Энунд боролся с самим собой; у него не было никаких оснований принимать Эльвира как блудного сына. Если забыть эту историю с жертвоприношением, думал он, не принимать это так серьезно, в надежде на то, что Эльвир со временем все поймет…
Но он чувствовал, что, как бы он не хотел этого, он не может пойти против собственной совести.
— Эльвир, — растерянно сказал он, — вспомни Торберга, вспомни, как он умер, без причастия и без отпущения грехов… Ты не должен отправляться на битву, не решив для себя этот вопрос! С Торбергом случилось несчастье, когда он плыл из Эгга на юг, построив корабли в Стейнкьере. Он причалил во Фросте, чтобы переночевать там. И на него напал человек, желавший отомстить ему за позор своей дочери, и убил его.

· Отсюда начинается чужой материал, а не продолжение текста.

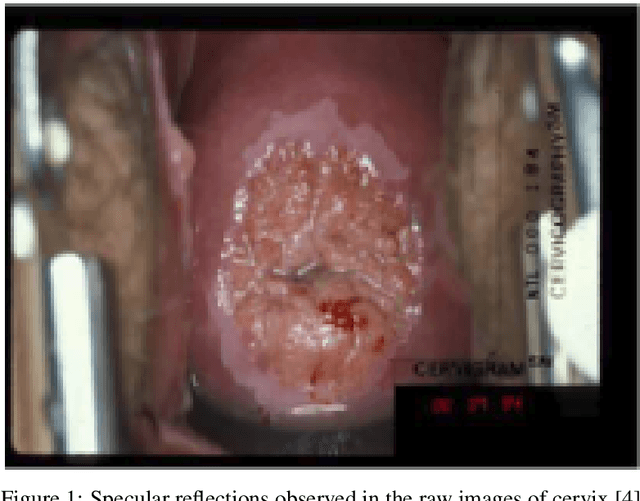 Figure 1 for Identification of Cervical Pathology using Adversarial Neural Networks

— Ты мог бы, конечно, отпустить мне грехи, в которых я сочту нужным исповедоваться, — продолжал Эльвир.
Энунд задумался.
— Нет, — сказал он. — Ты не можешь торговаться с Богом.
Эльвир опустил голову, но потом снова взглянул на священника.
— Я могу поклясться тебе, что больше никогда не буду есть жертвенное мясо, — сказал он, — так что в будущем это будет для меня грехом, потому что это будет считаться нарушением клятвы.
— Для тебя и вчера это было грехом, — ответил священник. — И если ты не сознаешься передо мной в этом грехе и не раскаешься в нем, я не смогу дать тебе отпущение грехов.
— Не меньшим грехом было бы мое лицемерие, — сказал Эльвир. — И я не считаю, что поступил плохо.
— Значит, ты не веришь мне, священнику, что совершил грех?
Эльвир покачал головой.
И они расстались с сожалением.
* * *
— Ты должна пообещать мне вот что, Сигрид: если я не вернусь назад, окрести детей и окрестись сама.
Голос Эльвира казался чужим, когда он произносил эти слова, монотонным и вымученным. И в глубине его глаз, под маской равнодушия, которое он пытался напустить на себя, скрывалась боль.
Боль была на его лице и в последнее утро перед отъездом на юг, и еще что-то знакомое и близкое и в то же время чужое и далекое, путающее ее. И чувство, которое она испытывала к нему, ничего общего не имело с обычной тоской. Ведь Эльвир, привыкший говорить с ней обо всем на свете, в эту последнюю ночь молчал о том, что мучило его.